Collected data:
^^^^^^^^

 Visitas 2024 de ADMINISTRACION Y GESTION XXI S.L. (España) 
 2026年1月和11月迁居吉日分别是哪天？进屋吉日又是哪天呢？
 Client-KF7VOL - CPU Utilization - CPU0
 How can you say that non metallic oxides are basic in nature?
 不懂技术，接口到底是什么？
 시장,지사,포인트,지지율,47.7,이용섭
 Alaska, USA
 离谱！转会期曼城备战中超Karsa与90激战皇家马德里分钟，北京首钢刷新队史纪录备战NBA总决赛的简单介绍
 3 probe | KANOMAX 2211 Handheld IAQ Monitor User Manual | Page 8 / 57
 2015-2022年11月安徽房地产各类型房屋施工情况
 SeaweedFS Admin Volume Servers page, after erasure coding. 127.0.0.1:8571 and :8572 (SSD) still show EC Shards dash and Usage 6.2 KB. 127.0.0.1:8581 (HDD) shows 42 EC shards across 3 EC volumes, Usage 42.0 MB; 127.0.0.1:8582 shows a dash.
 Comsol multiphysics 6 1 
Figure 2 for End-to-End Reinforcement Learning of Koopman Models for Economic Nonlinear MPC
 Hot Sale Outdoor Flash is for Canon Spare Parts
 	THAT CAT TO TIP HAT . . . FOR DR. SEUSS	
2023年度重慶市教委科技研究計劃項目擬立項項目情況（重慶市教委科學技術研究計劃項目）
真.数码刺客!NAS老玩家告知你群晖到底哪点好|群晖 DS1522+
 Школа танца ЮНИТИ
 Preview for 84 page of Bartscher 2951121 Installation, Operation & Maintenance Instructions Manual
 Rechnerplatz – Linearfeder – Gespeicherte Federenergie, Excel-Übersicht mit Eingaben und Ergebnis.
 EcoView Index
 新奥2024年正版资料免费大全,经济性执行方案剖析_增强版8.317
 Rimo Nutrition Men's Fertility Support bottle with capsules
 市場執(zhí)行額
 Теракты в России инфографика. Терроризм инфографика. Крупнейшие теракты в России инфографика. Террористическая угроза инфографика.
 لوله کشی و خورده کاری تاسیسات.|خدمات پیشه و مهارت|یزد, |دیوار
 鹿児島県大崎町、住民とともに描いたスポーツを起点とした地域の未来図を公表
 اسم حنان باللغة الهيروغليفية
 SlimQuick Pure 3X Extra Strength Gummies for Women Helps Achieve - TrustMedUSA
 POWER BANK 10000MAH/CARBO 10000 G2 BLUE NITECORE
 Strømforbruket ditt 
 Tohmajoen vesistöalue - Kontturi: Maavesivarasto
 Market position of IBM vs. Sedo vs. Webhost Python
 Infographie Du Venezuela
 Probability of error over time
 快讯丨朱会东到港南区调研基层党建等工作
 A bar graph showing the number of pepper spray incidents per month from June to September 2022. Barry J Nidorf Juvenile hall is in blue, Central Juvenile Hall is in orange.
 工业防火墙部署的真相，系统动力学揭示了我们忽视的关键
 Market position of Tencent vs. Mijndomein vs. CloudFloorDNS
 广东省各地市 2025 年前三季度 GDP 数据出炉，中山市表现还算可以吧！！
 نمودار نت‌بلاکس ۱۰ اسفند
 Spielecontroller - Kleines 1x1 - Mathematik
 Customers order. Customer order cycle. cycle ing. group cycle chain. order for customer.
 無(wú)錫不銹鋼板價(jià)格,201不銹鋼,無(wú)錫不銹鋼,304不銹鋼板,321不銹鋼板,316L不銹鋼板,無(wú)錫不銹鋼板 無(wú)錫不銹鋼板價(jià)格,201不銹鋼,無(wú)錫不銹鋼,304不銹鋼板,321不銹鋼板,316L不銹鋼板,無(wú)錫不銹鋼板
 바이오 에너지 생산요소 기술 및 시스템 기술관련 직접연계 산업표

^^^^^^^^

#### INSTRUCTIONS FOR THE TASK:
Word for word, repeat the records above.

#### YOUR SOLUTION:
 Visitas 2024 de ADMINISTRACION Y GESTION XXI S.L. (España) 
 2026年1月和11月迁居吉日分别是哪天？进屋吉日又是哪天呢？
 Client-KF7VOL - CPU Utilization - CPU0
 How can you say that non metallic oxides are basic in nature?
 不懂技术，接口到底是什么？
 시장,지사,포인트,지지율,47.7,이용섭
 Alaska, USA
 离谱！转会期曼城备战中超Karsa与90激战皇家马德里分钟，北京首钢刷新队史纪录备战NBA总决赛的简单介绍
 3 probe | KANOMAX 2211 Handheld IAQ Monitor User Manual | Page 8 / 57
 2015-2022年11月安徽房地产各类型房屋施工情况
 SeaweedFS Admin Volume Servers page, after erasure coding. 127.0.0.1:8571 and :8572 (SSD) still show EC Shards dash and Usage 6.2 KB. 127.0.0.1:8581 (HDD) shows 42 EC shards across 3 EC volumes, Usage 42.0 MB; 127.0.0.1:8582 shows a dash.
 Comsol multiphysics 6 1 
Figure 2 for End-to-End Reinforcement Learning of Koopman Models for Economic Nonlinear MPC
 Hot Sale Outdoor Flash is for Canon Spare Parts
 	THAT CAT TO TIP HAT . . . FOR DR. SEUSS	
2023年度重慶市教委科技研究計劃項目擬立項項目情況（重慶市教委科學技術研究計劃項目）
真.数码刺客!NAS老玩家告知你群晖到底哪点好|群晖 DS1522+
 Школа танца ЮНИТИ
 Preview for 84 page of Bartscher 2951121 Installation, Operation & Maintenance Instructions Manual
 Rechnerplatz – Linearfeder – Gespeicherte Federenergie, Excel-Übersicht mit Eingaben und Ergebnis.
 EcoView Index
 新奥2024年正版资料免费大全,经济性执行方案剖析_增强版8.317
 Rimo Nutrition Men's Fertility Support bottle with capsules
 市場執(zhí)行額
 Теракты в России инфографика. Терроризм инфографика. Крупнейшие теракты в России инфографика. Террористическая угроза инфографика.
 لوله کشی و خورده کاری تاسیسات.|خدمات پیشه و مهارت|یزد, |دیوار
 鹿児島県大崎町、住民とともに描いたスポーツを起点とした地域の未来図を公表
 اسم حنان باللغة الهيروغليفية
 SlimQuick Pure 3X Extra Strength Gummies for Women Helps Achieve - TrustMedUSA
 POWER BANK 10000MAH/CARBO 10000 G2 BLUE NITECORE
 Strømforbruket ditt 
 Tohmajoen vesistöalue - Kontturi: Maavesivarasto
 Market position of IBM vs. Sedo vs. Webhost Python
 Infographie Du Venezuela
 Probability of error over time
 快讯丨朱会东到港南区调研基层党建等工作
 A bar graph showing the number of pepper spray incidents per month from June to September 2022. Barry J Nidorf Juvenile hall is in blue, Central Juvenile Hall is in orange.
 工业防火墙部署的真相，系统动力学揭示了我们忽视的关键
 Market position of Tencent vs. Mijndomein vs. CloudFloorDNS
 广东省各地市 2025 年前三季度 GDP 数据出炉，中山市表现还算可以吧！！
 نمودار نت‌بلاکس ۱۰ اسفند
 Spielecontroller - Kleines 1x1 - Mathematik
 Customers order. Customer order cycle. cycle ing. group cycle chain. order for customer.
 無(wú)錫不銹鋼板價(jià)格,201不銹鋼,無(wú)錫不銹鋼,304不銹鋼板,321不銹鋼板,316L不銹鋼板,無(wú)錫不銹鋼板 無(wú)錫不銹鋼板價(jià)格,201不銹鋼,無(wú)錫不銹鋼,304不銹鋼板,321不銹鋼板,316L不銹鋼板,無(wú)錫不銹鋼板
 바이오 에너지 생산요소 기술 및 시스템 기술관련 직접연계 산업표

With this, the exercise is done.